ABOUT THIS EXERCISE:
Repeat exactly, please, the opening lines of the data below, through and including the line where "4989 Greenflower Street, North" sits.
****************
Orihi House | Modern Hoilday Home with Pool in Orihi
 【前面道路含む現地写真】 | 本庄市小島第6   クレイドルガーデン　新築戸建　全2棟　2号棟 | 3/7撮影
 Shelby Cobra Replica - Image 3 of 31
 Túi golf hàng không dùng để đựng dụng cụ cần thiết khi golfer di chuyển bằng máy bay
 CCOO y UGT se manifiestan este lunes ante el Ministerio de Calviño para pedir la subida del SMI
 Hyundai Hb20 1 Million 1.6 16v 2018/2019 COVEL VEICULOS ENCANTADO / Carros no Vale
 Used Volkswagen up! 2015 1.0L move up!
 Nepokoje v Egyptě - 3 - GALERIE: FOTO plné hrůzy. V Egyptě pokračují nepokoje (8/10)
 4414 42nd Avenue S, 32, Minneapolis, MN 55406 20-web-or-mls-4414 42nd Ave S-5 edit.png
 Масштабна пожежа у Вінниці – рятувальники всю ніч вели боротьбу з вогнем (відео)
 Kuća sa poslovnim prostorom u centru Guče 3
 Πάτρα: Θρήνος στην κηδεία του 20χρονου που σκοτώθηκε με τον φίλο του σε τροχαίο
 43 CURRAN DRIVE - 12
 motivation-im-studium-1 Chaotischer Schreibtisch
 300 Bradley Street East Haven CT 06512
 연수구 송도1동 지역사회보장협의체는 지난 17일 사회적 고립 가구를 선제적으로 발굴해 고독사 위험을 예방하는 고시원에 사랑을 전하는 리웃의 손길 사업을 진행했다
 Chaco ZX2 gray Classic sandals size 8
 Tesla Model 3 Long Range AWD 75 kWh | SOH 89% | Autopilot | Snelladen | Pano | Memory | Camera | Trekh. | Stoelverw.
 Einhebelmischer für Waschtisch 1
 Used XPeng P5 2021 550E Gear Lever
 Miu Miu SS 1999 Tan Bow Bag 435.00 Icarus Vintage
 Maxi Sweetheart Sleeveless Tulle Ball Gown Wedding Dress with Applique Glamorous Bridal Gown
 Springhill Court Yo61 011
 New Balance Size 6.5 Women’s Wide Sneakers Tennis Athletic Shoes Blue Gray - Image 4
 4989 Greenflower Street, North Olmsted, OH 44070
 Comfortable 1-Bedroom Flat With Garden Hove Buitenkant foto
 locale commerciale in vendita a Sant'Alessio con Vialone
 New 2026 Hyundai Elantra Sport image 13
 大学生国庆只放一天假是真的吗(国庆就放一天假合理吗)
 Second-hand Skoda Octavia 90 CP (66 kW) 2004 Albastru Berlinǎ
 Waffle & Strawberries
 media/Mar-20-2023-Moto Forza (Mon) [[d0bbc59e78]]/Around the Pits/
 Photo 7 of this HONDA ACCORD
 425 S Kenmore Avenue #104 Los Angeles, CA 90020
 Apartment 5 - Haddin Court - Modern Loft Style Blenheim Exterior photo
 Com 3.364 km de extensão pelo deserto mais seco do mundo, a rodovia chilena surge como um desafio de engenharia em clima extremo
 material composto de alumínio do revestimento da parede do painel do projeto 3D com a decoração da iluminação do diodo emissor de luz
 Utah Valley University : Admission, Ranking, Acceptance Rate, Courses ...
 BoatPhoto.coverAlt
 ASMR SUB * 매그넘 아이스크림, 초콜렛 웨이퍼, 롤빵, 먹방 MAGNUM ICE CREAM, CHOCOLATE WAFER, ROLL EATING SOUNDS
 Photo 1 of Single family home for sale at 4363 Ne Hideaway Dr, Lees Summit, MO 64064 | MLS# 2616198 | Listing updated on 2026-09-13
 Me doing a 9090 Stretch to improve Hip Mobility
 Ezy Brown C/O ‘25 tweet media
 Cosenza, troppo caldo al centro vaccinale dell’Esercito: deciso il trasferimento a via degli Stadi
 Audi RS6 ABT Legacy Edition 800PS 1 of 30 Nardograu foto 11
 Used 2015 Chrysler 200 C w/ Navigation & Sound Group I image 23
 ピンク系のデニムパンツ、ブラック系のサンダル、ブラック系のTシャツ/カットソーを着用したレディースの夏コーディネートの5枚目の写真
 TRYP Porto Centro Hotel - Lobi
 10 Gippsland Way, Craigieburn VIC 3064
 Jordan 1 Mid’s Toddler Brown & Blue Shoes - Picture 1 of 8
****************
ANSWER BOX:
Orihi House | Modern Hoilday Home with Pool in Orihi
 【前面道路含む現地写真】 | 本庄市小島第6   クレイドルガーデン　新築戸建　全2棟　2号棟 | 3/7撮影
 Shelby Cobra Replica - Image 3 of 31
 Túi golf hàng không dùng để đựng dụng cụ cần thiết khi golfer di chuyển bằng máy bay
 CCOO y UGT se manifiestan este lunes ante el Ministerio de Calviño para pedir la subida del SMI
 Hyundai Hb20 1 Million 1.6 16v 2018/2019 COVEL VEICULOS ENCANTADO / Carros no Vale
 Used Volkswagen up! 2015 1.0L move up!
 Nepokoje v Egyptě - 3 - GALERIE: FOTO plné hrůzy. V Egyptě pokračují nepokoje (8/10)
 4414 42nd Avenue S, 32, Minneapolis, MN 55406 20-web-or-mls-4414 42nd Ave S-5 edit.png
 Масштабна пожежа у Вінниці – рятувальники всю ніч вели боротьбу з вогнем (відео)
 Kuća sa poslovnim prostorom u centru Guče 3
 Πάτρα: Θρήνος στην κηδεία του 20χρονου που σκοτώθηκε με τον φίλο του σε τροχαίο
 43 CURRAN DRIVE - 12
 motivation-im-studium-1 Chaotischer Schreibtisch
 300 Bradley Street East Haven CT 06512
 연수구 송도1동 지역사회보장협의체는 지난 17일 사회적 고립 가구를 선제적으로 발굴해 고독사 위험을 예방하는 고시원에 사랑을 전하는 리웃의 손길 사업을 진행했다
 Chaco ZX2 gray Classic sandals size 8
 Tesla Model 3 Long Range AWD 75 kWh | SOH 89% | Autopilot | Snelladen | Pano | Memory | Camera | Trekh. | Stoelverw.
 Einhebelmischer für Waschtisch 1
 Used XPeng P5 2021 550E Gear Lever
 Miu Miu SS 1999 Tan Bow Bag 435.00 Icarus Vintage
 Maxi Sweetheart Sleeveless Tulle Ball Gown Wedding Dress with Applique Glamorous Bridal Gown
 Springhill Court Yo61 011
 New Balance Size 6.5 Women’s Wide Sneakers Tennis Athletic Shoes Blue Gray - Image 4
 4989 Greenflower Street, North Olmsted, OH 44070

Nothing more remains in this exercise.